I can't change the quality of any video. When I click on the 3 dots at the top the options show subtitles only, there is no quality button. 
The quality is set very high and I have a very slow wifi so videos never load.
I tried clearing the cache, uninstall then installing the app again, made sure it's the latest version, even downloaded an old version to see if it will work. But still same problem.
My phone is Innjoo fire plus 3G
Help?


----------



## reticentAJ

Can you play a video on the YouTube app, select the 3 dots, and then provide a screenshot? I see 4 different options on my phone. You're telling me you are only see one, which seems odd. 

What Android operating system are you running?


----------



## J99

I have never seen 4 options. It's usually the report option only and sometimes the captions option shows up

My Android is 4.4.2


----------



## reticentAJ

I have quality, captions, report, and cardboard. 

If you open YouTube in a browser (not using the app), do you have the same issue?


----------



## J99

No, there is a quality button in browser


----------



## reticentAJ

Can you try the following:
1. In the YouTube app, select the 3 dots in the right hand corner
2. Select *Settings*
3. Is *Play HD on Wi-Fi only* enabled or disabled? Does switching that help?

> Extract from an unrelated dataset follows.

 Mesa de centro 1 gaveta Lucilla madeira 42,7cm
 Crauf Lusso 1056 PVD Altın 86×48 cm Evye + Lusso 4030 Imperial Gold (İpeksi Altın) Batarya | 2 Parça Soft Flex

If the above doesn't help, I've posted on YouTube's forum to hopefully receive some help. You could always try restoring the device to factory settings. I'm sure that will resolve the issue, but seems like overkill. Additionally, it would remove all apps, settings, and data on the phone, which you would need to back up first and then reconfigure.


----------



## J99

I tried this before. Doesn't work.
I will restore factory settings if I don't have any other options maybe. 
But thank you anyway!


----------



## reticentAJ

You can try a factory restore, but it doesn't sound like it is going to work. HERE is the thread if you want to take a look.

I'm told that the quality option has been removed, which seems strange since it hasn't been removed from the iOS YouTube app.


----------